Lastly, if I may, (which I may, because it is my blog) plug Better World Books again?  Buying from Better World Books is a win-win-win (that’s right, a 3-way win) for the buyer (me), the environment (recycled books), and literacy.  Proceeds go to literacy organizations.  Another thing I like is how they package the books.  5 or 6 books will be in a box about 6x8x8″, with very little, if any, padding.  And you only pay the carbon offset for postage.  Whoever thought of it is a genius.  I’ll have to do a little research and find out!!  Tell you later!

Off to work now!

I am reading…

2009/11/09

In the Cellar by German intellectual/writer/philosopher/linguist Jan Philipp Reemtsma.  It is about his own kidnapping in 1996.  I understand he’s a bit of a controversial figure.  The link I provided is from a magazine to which he is a contributor.  Wikipedia was in German, and its portrayal (after Google translation) was slightly confusing because of the crude translation and not complementary at all.  I definitely want to know more about this gentleman.  After I read his book I will do more research on him and his writings.  

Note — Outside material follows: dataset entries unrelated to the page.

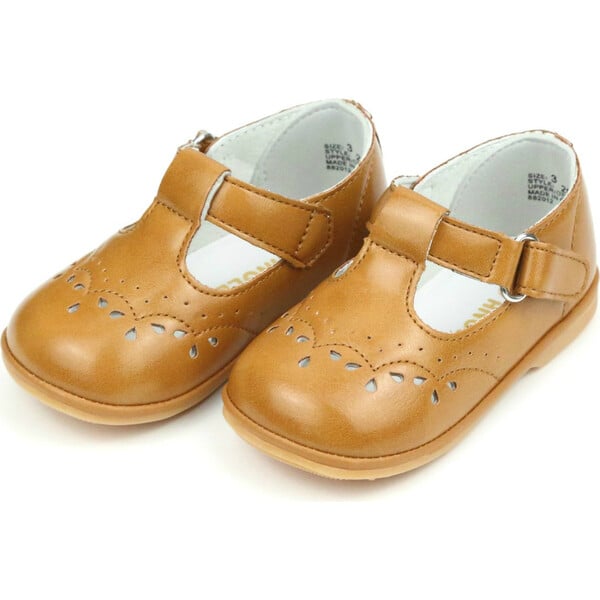 Baby Birdie Leather T-Strap Stitched Mary Jane, Mustard - Angel Shoes ...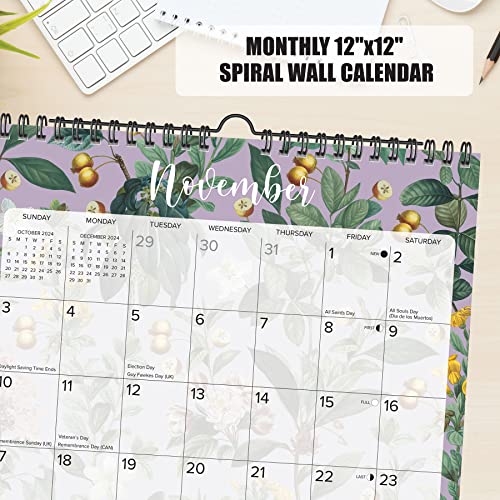 Willow Creek Press Botanical Nature Monthly Spiral-Bound 2024 Wall Calendar (12" x 12")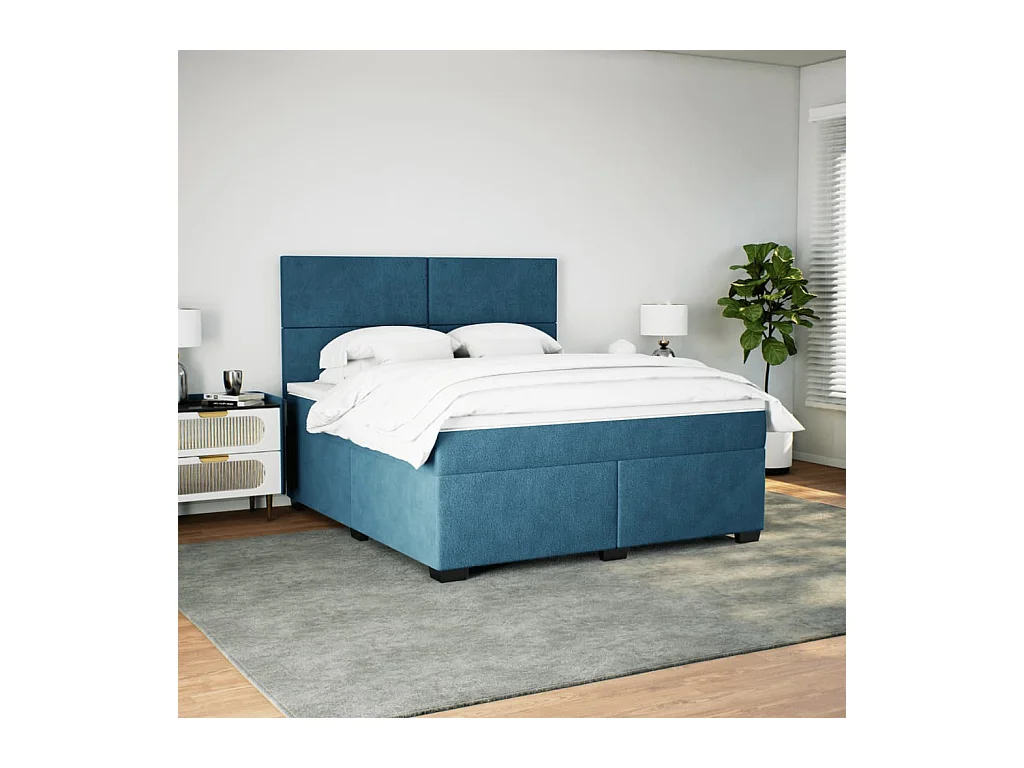 Sommier à lattes de lit et matelas bleu 180x200 cm velours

I’m finding his book very interesting.  It was translated beautifully by Carol Brown Janeway.  I like the writing; it is obviously intelligent.  He recounts his thoughts, his misperceptions, and his attempt to resist identifying with his kidnappers while in captivity.  I am about half way through it.  Because of his strong literary background, he refers to many literary luminaries of all nationalities, which also interests me.

So, back to the book, then off to bed!